CT: Handmade- yeah that’s it, that’s the crucial thing. If you read Ruskin, particularly in the Nature of Gothic, he talks about the kinetic power of the hand of the Medieval craftsman. He’s comparing the Medieval craftsman and his hands and what he sees as his sort of energy to what he sees as the sort of formulaic nature of the Greek sculptor, who’s presented as a kind of automaton. So yeah, it’s about that authenticity of the energy that comes through a mobile hand, that expresses itself freely. So, the handmade thing is crucial and the other reason it’s crucial to Ruskin, and to the Arts and Crafts Movement, is that it’s unique- it’s unrepeatable. So, it’s not reproduced: it’s authentic. Ruskin is horrified by the Great Exhibition of 1861, because he sees it as the sort of cult of similitudes. The hand becomes this kind of purity really, that free hand, that handmade thing that’s not perfect in terms of its outcome, but perfect in how it’s produced.
R: I find it really interesting that across most of the Arts and Crafts Movement, and I know for a fact that Ruskin would have been a part of this, but they seemed to be more accepting of female artists.
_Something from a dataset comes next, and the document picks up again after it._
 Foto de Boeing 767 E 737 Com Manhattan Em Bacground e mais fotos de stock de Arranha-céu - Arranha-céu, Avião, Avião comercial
CT: That’s right, that’s another important thing isn’t it, there was this sense of democracy, not just through work, but there isn’t this hierarchy through this notion of training, specialisation nor the idea that men create better art than women because they’re involved with ‘higher forms of art’. The movement was interested in creating communities, which are egalitarian essentially, as much as they can be. Obviously, there would be a master craftsman who runs the workshop, but the people they trained up were seen to have these specialised skills that gave them their independence. Think of something locally which fits into this discussion of women being employed, do you know this very interesting gallery over at Birkenhead called the Williamson Art Gallery?
R: I think I’ve heard of it.
CT: They have this collection of works produced by this fascinating pottery that was set up by a man called Rathbone, who was a follower of Ruskin effectively, and it was called the Della Robbia Potteries. And they made all this wonderful earthenware, these wonderful vases and a lot of the people that worked there were women trained by one or two professionals and most of the collectable items were produced by working class men and women from Merseyside in the 1890’s though to about 1910. So yes, women were important, not just as producers but figures that collaborate and were involved in organising some of these communities. The Home Arts Association, which we talked about earlier on, which is essentially an Arts and Crafts Movement community that was ran by women.
R: I want to finish this interview off with something about you, so what inspired your interest in the Arts and Crafts Movement in the first place?
CT: For years I was a bit blasé about the Arts and Crafts Movement, having written about all sorts of other subjects I kind of thought that it had been written about exhaustively by other writers. So, what actually brought me to it was Blake, realizing that a lot of these people, Crane and Ashbee in particular, though lots of others as well (but not Morris- Morris basically ignored Blake). But the others were interested in him and regarded him as a prototypical figure, someone who invented the ethos, the philosophy of the Arts and Crafts Movement. And as someone who writes about Blake, and I’ve written a very long book on Blake, Afterlife. So, in a way, I came to the Arts and Crafts Movement via Blake. I’ve always had an interest in Ruskin as well.
R: Thank you very much for chatting with me.